I continue to repeat Wings’s own stories here, because it matters. The Native artisans who have long since walked on deserve better than the erasure dominant-culture “expertise” affords them. They deserve recognition for their creations, their talents, their status as the parents and progenitors of what are now whole schools of art no longer limited to the people to whom the style belongs, but mimicked by non-Natives, as well.
Still, it’s time to move around our garden to our next set of stories and the woman who tells them. Like our first grandmother, she is a bit taller, and likewise holds three grandchildren. Like the children to her right, these are a bit more rambunctious, a bit more fidgety: One tries to climb over her right shoulder, while another holds onto the back of her left. From their description:

Aaron Mirabal (Toas Pueblo) has formed this traditional storyteller out of the Pueblo’s micaceous clay.

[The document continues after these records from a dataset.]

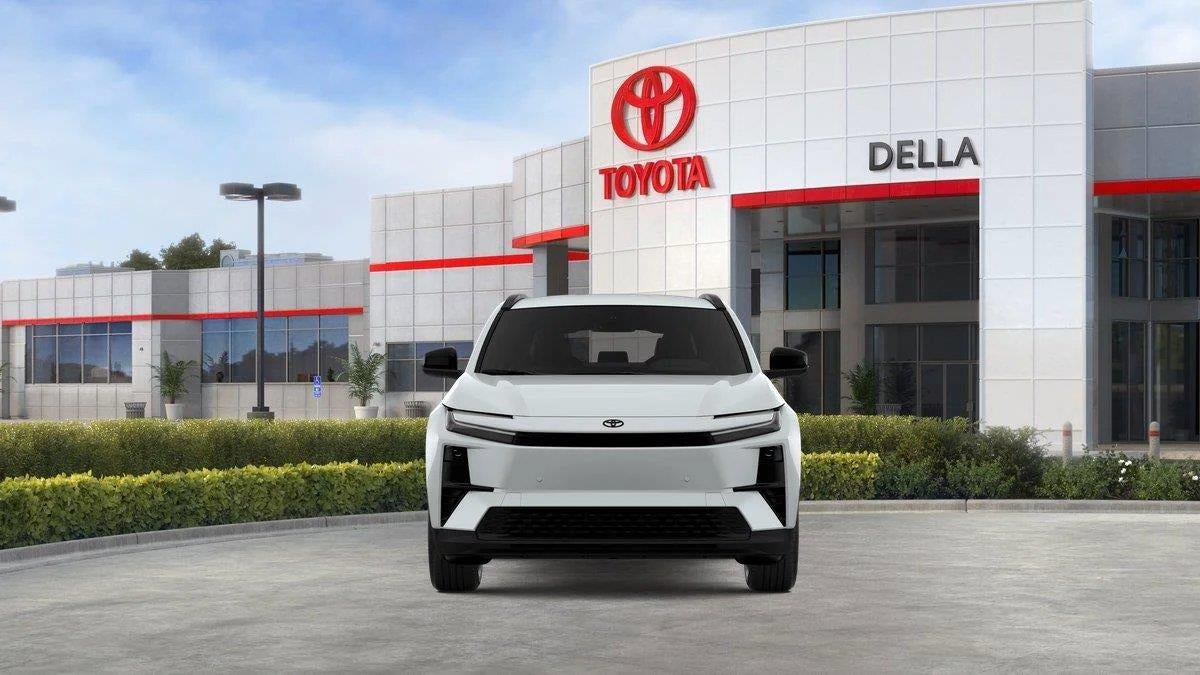 2026 Toyota C-HR SE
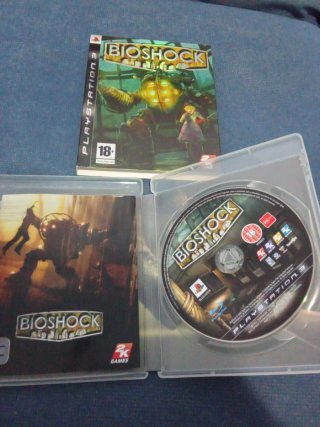 Bioshock PS3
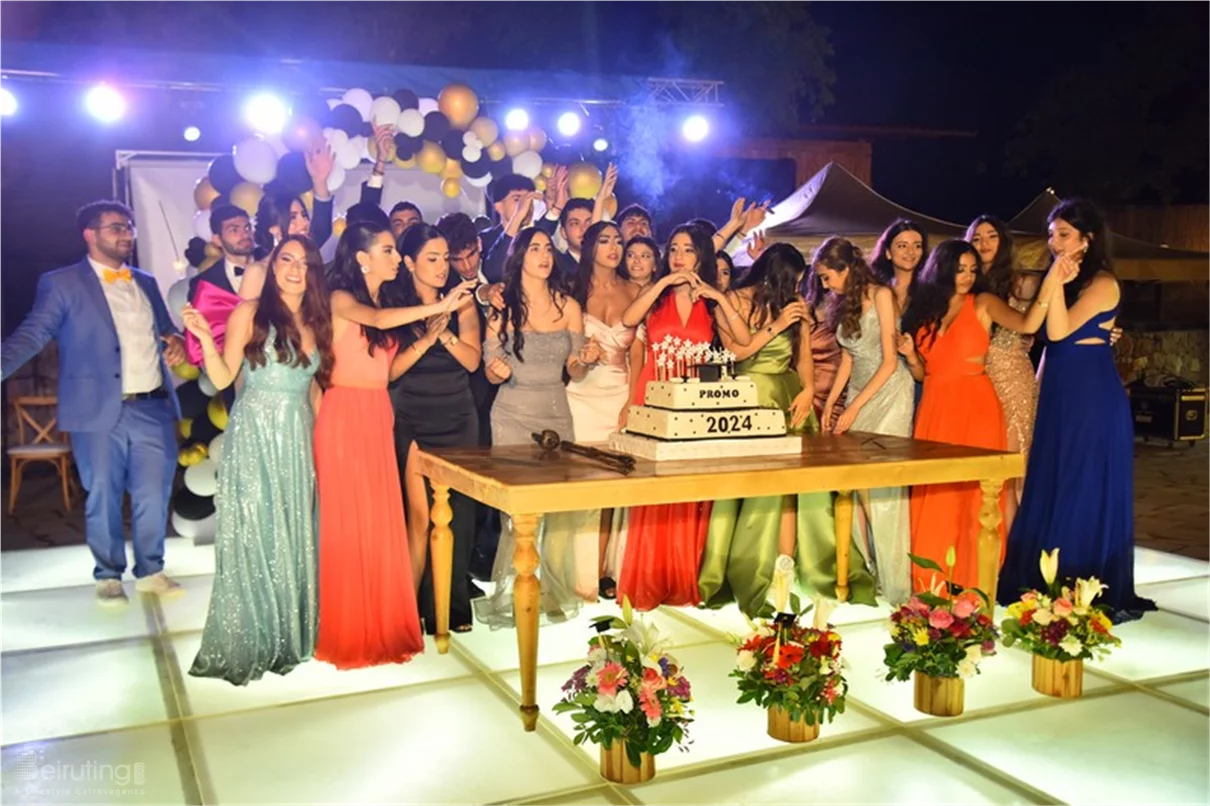 SSCC Beit Chabab Prom Night 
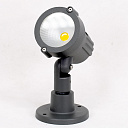 Фонтанный светильник LED A1109 7W 5000K GREY (TT) 210-03085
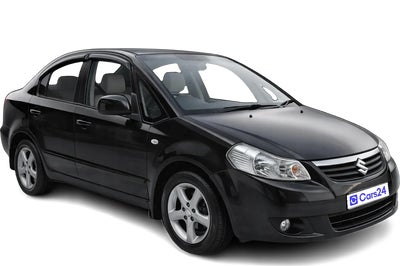 2008 Maruti SX4 - Sedan - Petrol - Manual - ₹3.42 lakh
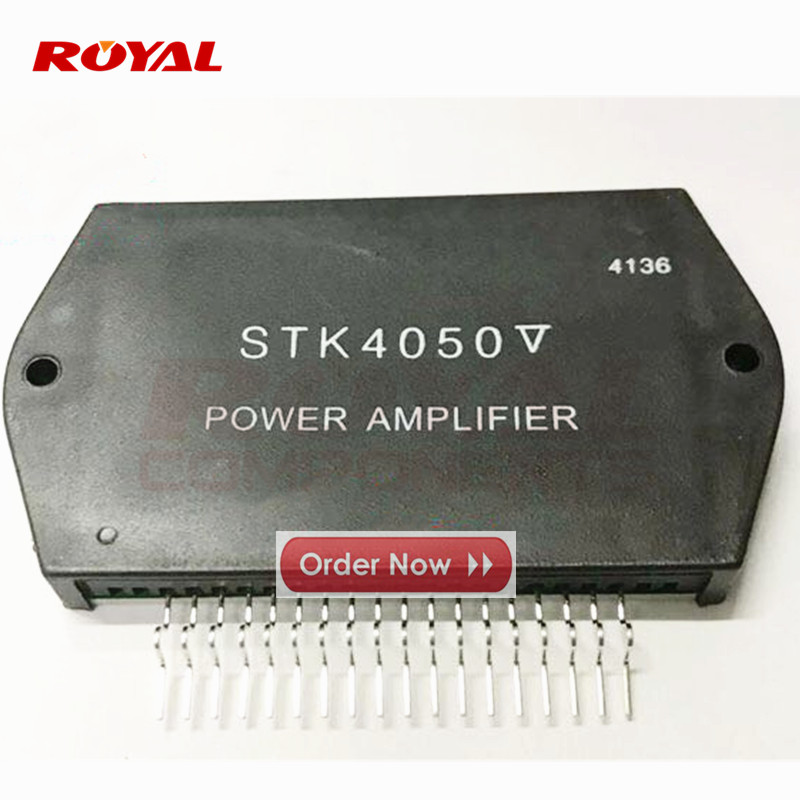 STK4050V STK4050XI โมดูลเดิมใหม่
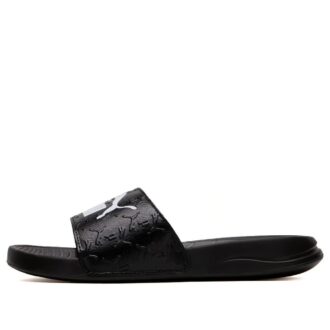 Popcat 20 Superlogo Slides “Black White”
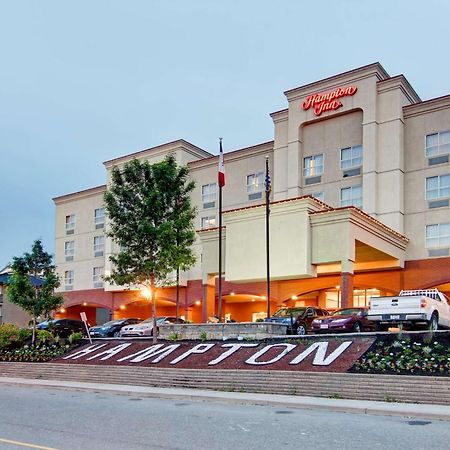 Hampton Inn By Hilton Kamloops Exterior foto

Grandmother holds two children on her lap while one peers over her left shoulder. All are shown in traditional dress, while Grandmother herself wears her hair in Aaron’s trademark Hopi-style butterfly rolls. Height is 3.5″ (dimensions approximate).
Micaceous clay; paint
$155 + shipping, handling, and insurance
And at last, we come to our final grandmother, another petite one holding two very young children. Like the woman to her right, she’s chosen to wear white traditional dress, perhaps a concession to the June heat, and has dressed her grandchildren similarly. From their description:

It’s a storyteller figure sized to fit in the palm of your hand (or take her place on a shelf or mantel), coaxed from local micaceous clay by Aaron Mirabal (Taos Pueblo). Grandmother holds two children on her lap as she passes down the old stories and lessons to them. All “wear” matching traditional dress; Grandmother’s hair is coiled into two butterfly rolls, Hopi-fashion, in what has become Aaron’s trademark style. Figure stands 2-3/8″ high (dimensions approximate).
Micaceous clay
$75 + shipping, handling, and insurance
Finally, amidst the attentive grandmothers and laughing children, we come full circle to the heart of it all: the old Pueblo village house. We’ve looked at the role the village homes play in the culture here, their centrality to daily life as well as to the broader history, culture, spiritual traditions, and art. of the people.
This piece is also by one of Wings’s relatives (as are the storytellers above, by a different cousin). From its description:

Taos Pueblo sculptor/potter Martin Romero has created a miniature Pueblo house with horno (oven), in the shape of the Pueblo’s iconic multi-story architecture. House and horno are the people’s own local micaceous clay, glowing with warm metallic flecks of sunlight. The arbor and ladders are real wood, pieces cut and meticulously stripped by hand, then fashioned into reproductions of the traditional arbors and pine ladders found at the actual village homes. Measures just over 5.5″ long by 3″ high by 3.75″ deep (dimensions approximate).
Micaceous clay; wood
$175 + shipping, handling, and insurance
Requires special handling; extra shipping charges apply
This miniature version of the heart of the Pueblo’s old village is the perfect center for our virtual sculpture garden for children: After all, it is their heritage and their legacy, their history and their identity, rendered in the very earth of the garden itself.
If you listen closely, perhaps you’ll hear the stories, whispered on the soft summer winds.